The ICU solution is not the only one out there. The best solutions in my opinion aren’t free. But there does seem to be some free solutions. But in all case, including the very best ones are no where close to a 100% solution. Regardless of what automatic transliteration/automatic translation approach is used, it should be treated as the solution of last resort and we should rely on transliterations/translations provided by people. Therefore I think the solution will be something like the following:

  1. Provide the means to have language/culture specific translations of the base name.
  2. Provide the means to have language/culture specific versions of the collation name supplemented with language/culture collation rules.
  3. In the absence of manually provided translation/transliteration; employ the automatic facility.

I firmly believe that a 100% automated solution is not possible. I think we’d be lucky to get to a 50% solution. When I have examined the professional solutions; they rely on a set of rules backed up by a large and evolving database of exceptions.

I agree. If you want a good sort in Japanese, then start with the name in Japanese (foreign names transliterated into Japanese), then sort with Japanese rules. Don’t start by transliterating Japanese names into Latin script, then sorting the Latin script with English language rules. Some Japanese names just can’t be sorted right without a “reading” or “sortname” field in Japanese kana. Some foreign names (e.g. “The Beatles”, many in fact, will need a Japanese-language alias to specify the expected Japanese for the name (e.g. ザ・ビートルズ).

Bear in mind that the ICU Transform Demonstration demonstrates transliteration, not sorting. A different part of ICU provides sorting.

1 Like

Oh, no-one is promising a 100% automated solution. But my overall point is that what we have in MusicBrainz now is something like a 1% automated, 5% manual solution. The original poster was an English-language user of MusicBrainz wondering why MB would provide names of Japanese artists only in Japanese language, not in Latin transliteration. My point is that this is a reasonable expectation, that MusicBrainz should have aspire to become multilingual enough to satisfy it.

Of course, current MusicBrainz isn’t there yet. It is fantastic in many ways, but hasn’t yet become fantastic in multi-lingual service.

Yes, I agree. I expect that MusicBrainz will eventually be fully multi-lingual, and it will probably behave as you have described.

But I argue that current MusicBrainz does a tiny fraction of #1, and approximately none of #2 and #3.

There exist components, like ICU, that can provide big parts of the solution. Multilingual MusicBrainz is a reasonable aspiration.

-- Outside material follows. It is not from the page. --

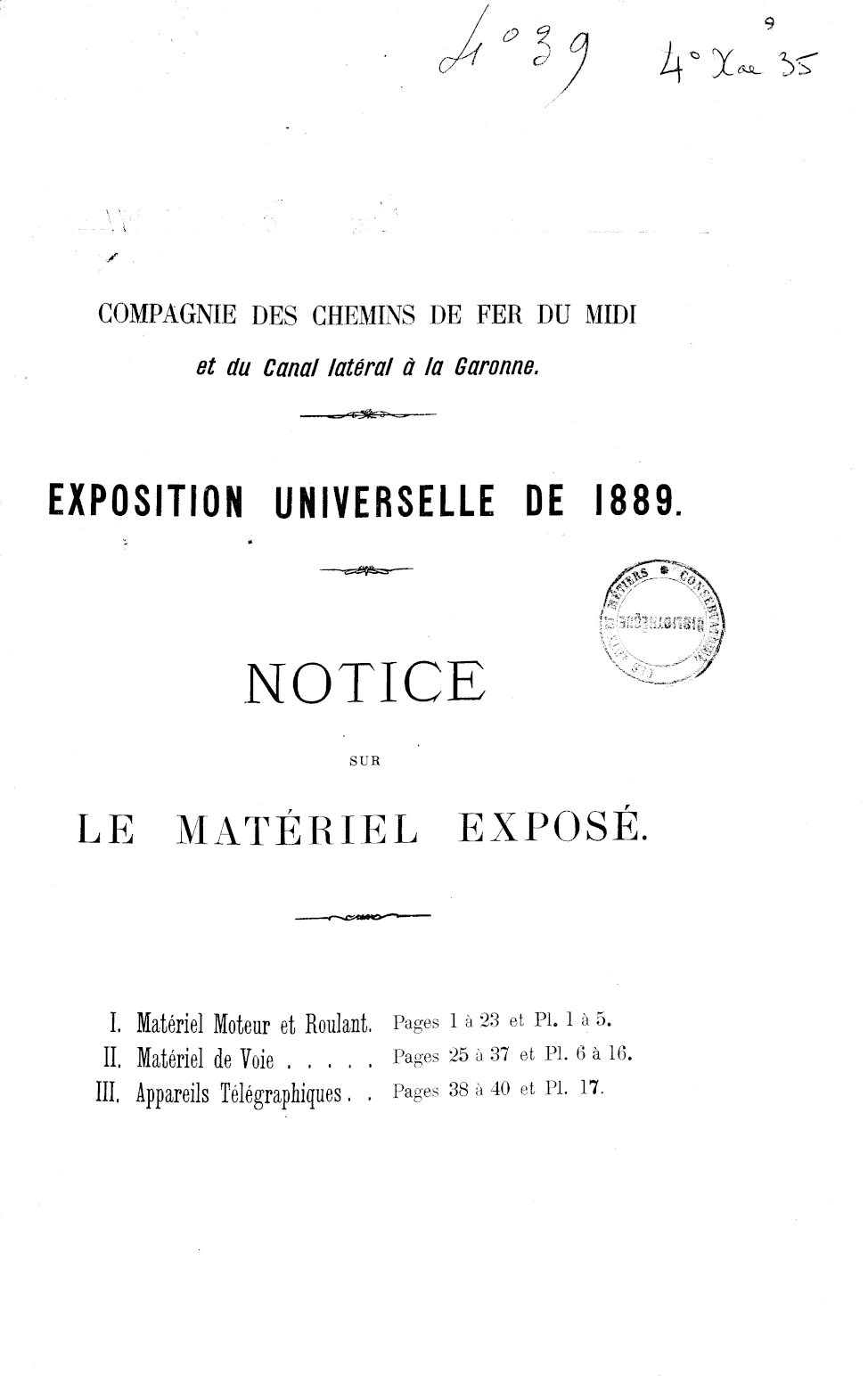 Page de titre du 4XAE35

My motivation in participating in threads like this are to ensure VideoBrainz starts off with issues like this handled from the start. This thread and threads like them have been very instructive. VideoBrainz has the benefit of not having an existing database and schema to migrate. I very much aspire to have a multilingual/multicultural VideoBrainz from the start.

2 Likes

Outstanding!

I haven’t been involved in VideoBrainz at all so far. However, my day job is software engineering consulting on multilingual websites ang internationalization of software products. If it be helpful for me to get involved, please let me know how.

I have an aspiration to propose a design and plan to make MusicBrainz fully multilingual. Maybe a multilingual VideoBrainz first would be a good role model for MusicBrainz.

2 Likes

Hardly anyone has been involved in VideoBrainz thus far. It’s only good ideas on paper at the moment. Given the current level of involvement it probably won’t be alpha for a while yet. I’m taking my time to make sure the schema is right and to learn all the lessons from MB that I can. At this point I think it’s a bit premature to ask for your particular expertise; but keep your eye out for VideoBrainz threads. They’ll be coming.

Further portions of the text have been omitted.